It is not quite six of one and half a dozen of the other, more seven points of blame to Georgia and five to Russia. Given that Georgia started out with a vastly greater share of the world's sympathy, however, and was widely seen as the injured party, the report hands a clear moral and public relations victory to Russia. Who started it? – the question that Moscow wanted asked above all – has been answered in a way that vindicates Russia.
Nor, on this narrow issue, does the report beat about the bush. There is the question, it says, of whether Georgia's shelling of Tskhinvali (capital of the South Ossetia enclave) on 7-8 August 2008, was justifiable under international law. Its categorical answer is: "It was not." That is the conclusion Russia has sought for more than a year, and the one it has naturally seized upon.
That Georgia's leaders suspected they would not emerge lily-white from this investigation had been evident for weeks. Its diplomats spent much of the summer in preparatory efforts to limit the damage. Their campaign went into overdrive yesterday, as Georgians stressed many other conclusions, but neglected the one – Who started it? – that Russia always regarded as key.

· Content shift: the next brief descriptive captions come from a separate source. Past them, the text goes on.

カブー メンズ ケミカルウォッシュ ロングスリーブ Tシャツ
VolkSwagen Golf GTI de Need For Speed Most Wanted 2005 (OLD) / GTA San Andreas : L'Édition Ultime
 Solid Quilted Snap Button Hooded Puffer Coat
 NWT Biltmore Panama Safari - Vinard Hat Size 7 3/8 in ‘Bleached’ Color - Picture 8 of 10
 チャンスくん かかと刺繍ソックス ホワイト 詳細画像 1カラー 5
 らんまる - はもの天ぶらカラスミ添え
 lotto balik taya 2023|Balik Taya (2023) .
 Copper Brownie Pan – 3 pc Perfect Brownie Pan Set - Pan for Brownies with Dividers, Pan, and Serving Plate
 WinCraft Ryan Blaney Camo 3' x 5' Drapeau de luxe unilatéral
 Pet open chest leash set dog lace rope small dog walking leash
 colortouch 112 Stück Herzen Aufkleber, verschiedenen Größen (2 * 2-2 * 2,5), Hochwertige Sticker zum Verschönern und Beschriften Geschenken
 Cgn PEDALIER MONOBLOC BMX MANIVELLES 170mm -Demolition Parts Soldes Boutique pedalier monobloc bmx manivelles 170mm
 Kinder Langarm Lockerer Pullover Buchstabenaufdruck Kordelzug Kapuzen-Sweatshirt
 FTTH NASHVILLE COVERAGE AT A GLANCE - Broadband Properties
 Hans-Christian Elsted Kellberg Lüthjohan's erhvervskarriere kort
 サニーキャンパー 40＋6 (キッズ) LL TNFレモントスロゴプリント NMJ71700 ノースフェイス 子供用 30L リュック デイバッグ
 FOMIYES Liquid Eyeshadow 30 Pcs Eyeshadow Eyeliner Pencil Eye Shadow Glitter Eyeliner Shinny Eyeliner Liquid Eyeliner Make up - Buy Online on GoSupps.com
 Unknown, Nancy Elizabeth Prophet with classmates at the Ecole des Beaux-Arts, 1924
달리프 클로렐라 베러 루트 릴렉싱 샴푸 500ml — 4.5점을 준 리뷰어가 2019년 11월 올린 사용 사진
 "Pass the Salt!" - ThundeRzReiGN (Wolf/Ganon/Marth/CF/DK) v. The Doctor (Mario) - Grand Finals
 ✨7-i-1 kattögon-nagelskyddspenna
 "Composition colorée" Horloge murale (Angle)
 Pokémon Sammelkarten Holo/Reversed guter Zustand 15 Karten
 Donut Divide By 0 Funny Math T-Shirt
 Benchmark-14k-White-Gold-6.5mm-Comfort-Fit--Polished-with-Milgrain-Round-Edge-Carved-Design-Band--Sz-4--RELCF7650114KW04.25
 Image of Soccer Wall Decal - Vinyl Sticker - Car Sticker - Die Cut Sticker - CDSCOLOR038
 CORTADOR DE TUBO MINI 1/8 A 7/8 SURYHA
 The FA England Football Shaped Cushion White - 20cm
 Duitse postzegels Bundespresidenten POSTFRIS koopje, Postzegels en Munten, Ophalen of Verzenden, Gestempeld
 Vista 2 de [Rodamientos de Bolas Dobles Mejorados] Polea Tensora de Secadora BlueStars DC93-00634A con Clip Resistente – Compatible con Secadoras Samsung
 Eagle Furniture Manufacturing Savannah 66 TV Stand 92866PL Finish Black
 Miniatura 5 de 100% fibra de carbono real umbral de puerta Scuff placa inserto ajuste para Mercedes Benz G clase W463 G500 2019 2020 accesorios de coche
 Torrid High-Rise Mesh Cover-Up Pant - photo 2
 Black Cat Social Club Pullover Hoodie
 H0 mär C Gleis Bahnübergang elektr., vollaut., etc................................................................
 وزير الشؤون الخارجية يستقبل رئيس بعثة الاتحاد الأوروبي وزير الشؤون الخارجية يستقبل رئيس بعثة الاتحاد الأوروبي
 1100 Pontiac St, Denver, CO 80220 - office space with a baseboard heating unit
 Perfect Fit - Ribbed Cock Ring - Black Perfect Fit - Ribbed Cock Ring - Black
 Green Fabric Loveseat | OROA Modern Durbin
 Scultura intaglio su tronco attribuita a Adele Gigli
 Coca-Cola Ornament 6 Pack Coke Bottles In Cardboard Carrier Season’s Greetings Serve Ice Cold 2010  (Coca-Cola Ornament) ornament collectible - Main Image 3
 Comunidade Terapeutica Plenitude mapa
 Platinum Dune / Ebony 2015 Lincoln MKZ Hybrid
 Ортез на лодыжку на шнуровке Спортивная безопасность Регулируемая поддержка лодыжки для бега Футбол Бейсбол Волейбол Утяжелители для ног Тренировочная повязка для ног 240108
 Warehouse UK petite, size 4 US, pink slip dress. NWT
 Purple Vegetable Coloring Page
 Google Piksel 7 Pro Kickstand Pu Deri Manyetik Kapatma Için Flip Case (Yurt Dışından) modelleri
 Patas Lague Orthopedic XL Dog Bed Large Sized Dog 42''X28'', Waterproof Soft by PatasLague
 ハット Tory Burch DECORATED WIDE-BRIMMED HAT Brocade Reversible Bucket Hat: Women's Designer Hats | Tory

The report finds Russia to blame less for intervening to defend its allies in South Ossetia, than for a long history of provocations against Georgia and for what was judged to be the use of excessive force. The report singled out the "continued destruction" that followed the ceasefire which, it said, "was not justifiable by any means". In other words, Russia's ruthless response undermined, even if it did not totally negate, the fact that right was initially on its side.
That Russia and Georgia can both find justification in this report has its pluses and minuses. The pluses are that each government has something to offer its public and no excuse for not accepting the conclusions. The minuses are that both can avoid admitting responsibility, while finding ample grounds for mutual recrimination. All too predictably, the war of words was rejoined as the report came out. To the credit of the EU – both as mediator in the aftermath of the war and as sponsor of this report – there is no sign of military hostilities being renewed.
But it is not only the two combatants who should heed the report's conclusions. When the war broke out, there was an immediate rush to judgement by the British and some other Western governments, who lost no time in casting Russia as the villain and hailing Georgia as the innocent victim, being punished for its Western orientation. This stereotypical response, for which scant evidence was available, gave Russia new cause for resentment against the West.
September was a good month for Russian relations with the outside world. First, President Obama announced that he was abandoning plans to station missile defence installations in Poland and the Czech Republic. Now, the EU report has absolved it of starting the Georgia war. With these two big obstacles out of the way, maybe Russia – rather than crowing – could start showing a friendlier face to the world.